Trucks are an essential mode of transportation for moving valued goods throughout Minnesota and the United States. With 481 firms supplying 2,197 jobs, Truck Transportation is also a major and necessary part of the economy in Northwest Minnesota. Truck Transportation is a specific subsection of Transportation and Warehousing in the North American Industry Classification System (NAICS). Overall, the concentration of Transportation and Warehousing industries in Northwest Minnesota is much lower than the nation as a whole. However, Truck Transportation, specifically General Freight Trucking, has a higher concentration within the region than the nation (Table 1). Industries in Truck Transportation provide over-the-road transportation of cargo using motor vehicles, such as truck and tractor-trailers, according to the Bureau of Labor Statistics. Truck Transportation can be further divided into two sectors, General Freight Trucking and Specialized Freight Trucking.

Table 1
Northwest Minnesota Industry Employment Statistics, 2012
NAICS Industry Title NAICS Code Number of Firms Number of Jobs Location Quotient Total Payroll* Average Annual Wages*
Total, All Industries 0 17,293 213,893 1.0 $6,779,841,076 $32,552
Transportation and Warehousing 48 906 5,882 0.7 $202,670,163 $33,696
Truck Transportation 484 481 2,197 1.1 $79,685,809 $34,320
General Freight Trucking 4841 351 1,604 1.2 $56,490,282 $34,632
Specialized Freight Trucking 4842 130 592 1.0 $23,195,527 $33,644
Source: DEED Quarterly Census of Employment and Wages (QCEW), * DEED QCEW 2011 Annual Data

General Freight Trucking includes establishments that handle a wide variety of commodities, generally on pallets, which are then transported in a container or van trailer. Establishments, as such, provide for a combination of local pickup, local sorting and terminal operations, line-haul, destination sorting and terminal operations, and local delivery.
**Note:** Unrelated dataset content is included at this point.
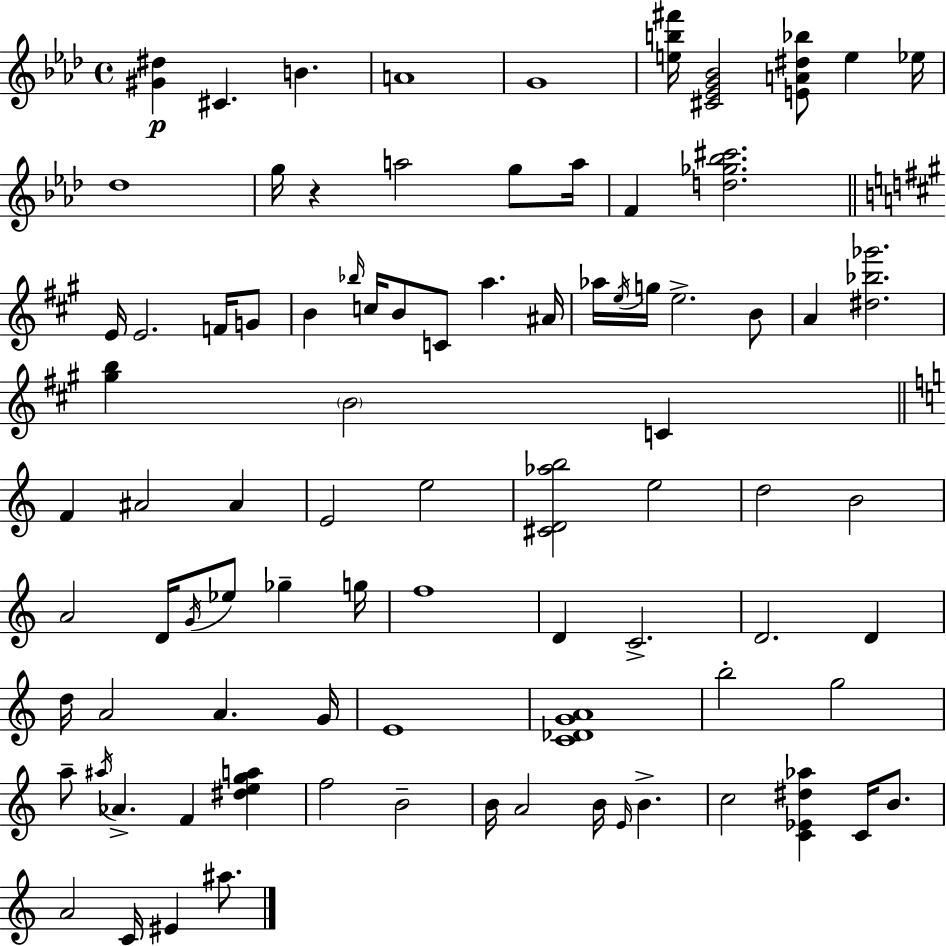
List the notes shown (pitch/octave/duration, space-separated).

[G#4,D#5]/q C#4/q. B4/q. A4/w G4/w [E5,B5,F#6]/s [C#4,Eb4,G4,Bb4]/h [E4,A4,D#5,Bb5]/e E5/q Eb5/s Db5/w G5/s R/q A5/h G5/e A5/s F4/q [D5,Gb5,Bb5,C#6]/h. E4/s E4/h. F4/s G4/e B4/q Bb5/s C5/s B4/e C4/e A5/q. A#4/s Ab5/s E5/s G5/s E5/h. B4/e A4/q [D#5,Bb5,Gb6]/h. [G#5,B5]/q B4/h C4/q F4/q A#4/h A#4/q E4/h E5/h [C#4,D4,Ab5,B5]/h E5/h D5/h B4/h A4/h D4/s G4/s Eb5/e Gb5/q G5/s F5/w D4/q C4/h. D4/h. D4/q D5/s A4/h A4/q. G4/s E4/w [C4,Db4,G4,A4]/w B5/h G5/h A5/e A#5/s Ab4/q. F4/q [D#5,E5,G5,A5]/q F5/h B4/h B4/s A4/h B4/s E4/s B4/q. C5/h [C4,Eb4,D#5,Ab5]/q C4/s B4/e. A4/h C4/s EIS4/q A#5/e.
Establishments in Specialized Trucking are primarily engaged in the transportation of freight which, because of size, weight, shape, or other inherent characteristics, requires specialized equipment. Such equipment may include flat beds, tankers, or refrigerated trailers.

Regional Differences

Overall, Truck Transportation in Northwest Minnesota is not much more highly concentrated than in the nation as a whole. With a more focused analysis, however, the concentrations of General and Specialized Trucking become more pronounced within the four distinct regions of Northwest Minnesota. Focusing on employment, EDR 2 — Beltrami, Clearwater, Hubbard, Lake of the Woods, and Mahnomen counties — has just 0.8 percent of its employment devoted to Truck Transportation, either General or Specialized. On the other hand, EDR 4 — Becker, Clay, Douglas, Grant, Otter Tail, Pope, Stevens, Traverse, and Wilkin counties — has 1.6 percent of its employment devoted to Truck Transportation, double that of EDR 2. EDR 1 — Kittson, Marshall, Norman, Pennington, Polk, Red Lake, and Roseau counties — has 1.4 percent, and EDR 5 — Cass, Crow Wing, Morrison, Todd, and Wadena counties — has 1.1 percent of its total employment devoted to Truck Transportation.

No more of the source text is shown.